Mayoral candidate Toni Preckwinkle sure hopes so. And so do Gov. J.B. Pritzker and retiring Mayor Rahm Emanuel.

On Friday, the Emanuel administration reached out to Amazon after the Washington Post, which is owned by Amazon CEO Jeff Bezos, reported that the company was reconsidering its decision to locate half of its second world headquarters in New York because of political resistance to the state’s $2.8 billion incentive package.

“Chicago has a lot to offer, and Mayor Emanuel will continue his efforts to recruit companies to Chicago until his last day on the 5th Floor in City Hall, and probably for long after that,” the mayor’s office said in statement that was careful not to mention Amazon.

Another City Hall source added, “Seems clear real friction in New York. Multiple parties reached out to Amazon to make sure that they know Chicago would still want them. Don’t know if they are actually thinking of leaving New York.”

Preckwinkle issued her own statement saying she supports Pritzker’s efforts to encourage Amazon to “reconsider Chicago, including South Side locations” for the 25,000-job prize known as “HQ2.”

“Chicago was initially considered for Amazon’s new headquarters and the economic opportunity is certainly welcome here,” Preckwinkle was quoted as saying.

“Structured in the right way, this type of development would bring tens of thousands of good-paying jobs to the South Side and provide an influx of new economic activity into some of Chicago’s most disinvested neighborhoods.”

Preckwinkle did not identify the “South Side locations” she was pitching.
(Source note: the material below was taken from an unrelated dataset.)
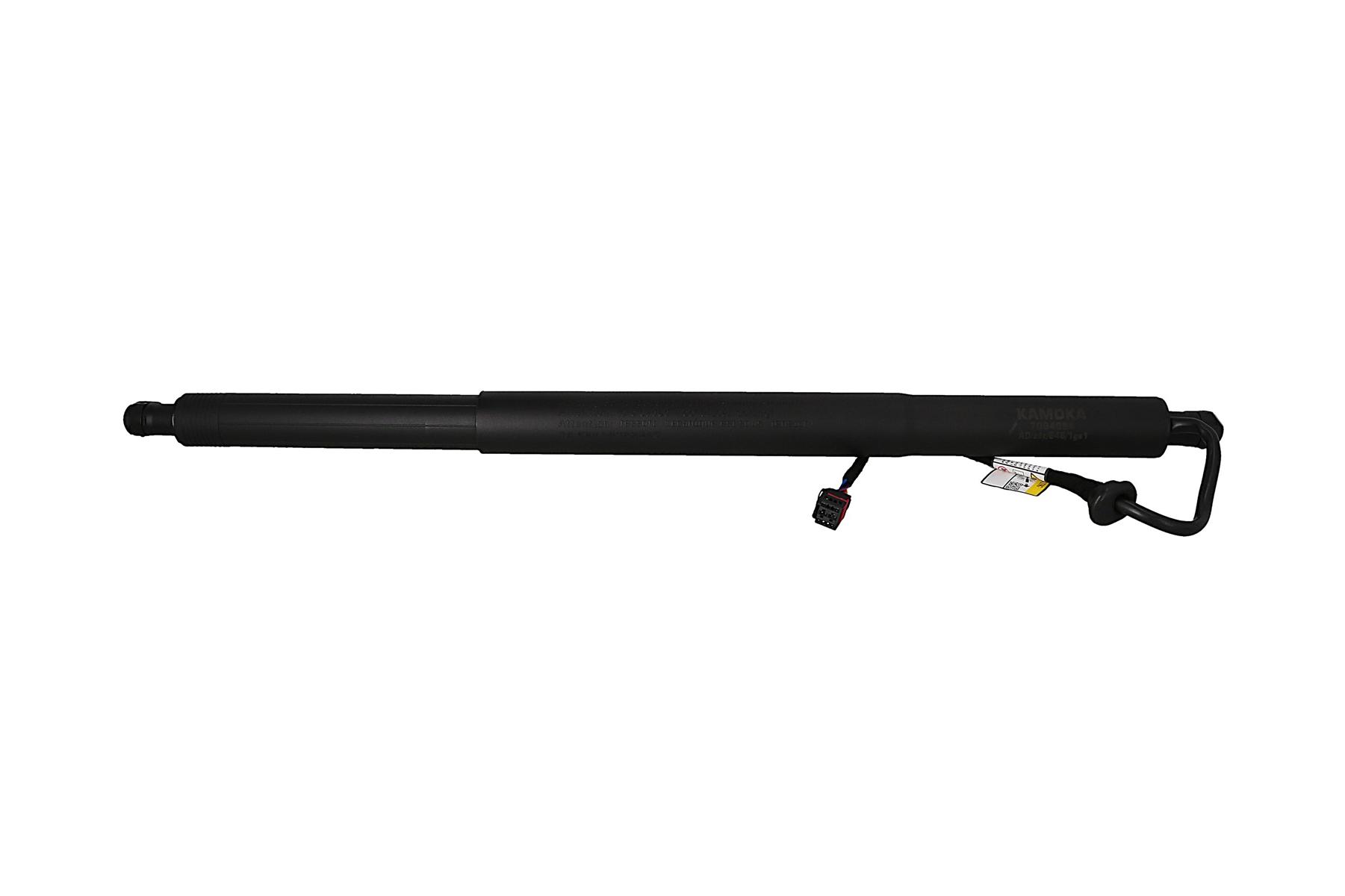 Electric Motor, tailgate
But the only South Side site to which the Amazon team returned for multiple site visits was the South Loop mega-site known as “the 78.”
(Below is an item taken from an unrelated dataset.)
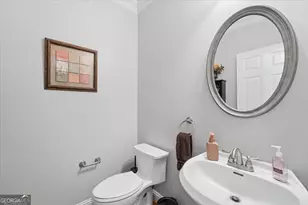 2510 Richards Walk, Loganville, GA 30052 - Photo 25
Earlier this week, the Zoning Board of Appeals ignored the burgeoning City Hall corruption scandal starring FBI mole Ald. Danny Solis (25th) and signed off on that $7 billion South Loop development and created a new tax-increment financing district to bankroll infrastructure improvements needed to unlock the development potential of the long-dormant site at Roosevelt and Clark.

In mid-November, Amazon made official the disappointing news Chicago had known for a week.
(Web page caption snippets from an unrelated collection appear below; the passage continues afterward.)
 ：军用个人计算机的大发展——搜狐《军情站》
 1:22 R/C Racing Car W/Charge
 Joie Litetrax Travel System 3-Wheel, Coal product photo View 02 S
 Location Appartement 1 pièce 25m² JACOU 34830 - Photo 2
No one city will be home to Amazon’s second North American headquarters.

Instead, the economic development plum of the century known as HQ2 — with a $5 billion investment and 50,000, six-figure jobs — would be divided between Crystal City, Va. and the Long Island City neighborhood of Queens, N.Y.

After receiving the bad news, Emanuel acknowledged that subsidies were at least a part of the reason why Chicago lost the Amazon sweepstakes. But the mayor said he was “not sorry at all” that the city and state didn’t go higher than $2.25 billion.

Emanuel and now former Gov. Bruce Rauner had joined forces on a $2.25 billion incentive package aimed at luring Amazon and offered up ten sites in an around the downtown area.

Several of them, including “the 78”, enticed Amazon enough to get two site visits.

After promising an “all hands-on-desk, all-resources-to-bear” bid for the Amazon prize, Emanuel also put together a cheerleading squad comprised of 600 movers-and-shakers with hardly a civic or religious leader or a big name in business, finance, technology, education and the arts not included.

None of that was enough.

At the time, Emanuel said he knew why Amazon made the decision it did, but he wasn’t about to disclose it for fear of alienating Amazon and losing any chance to build on the footprint the retailing behemoth already has in Chicago.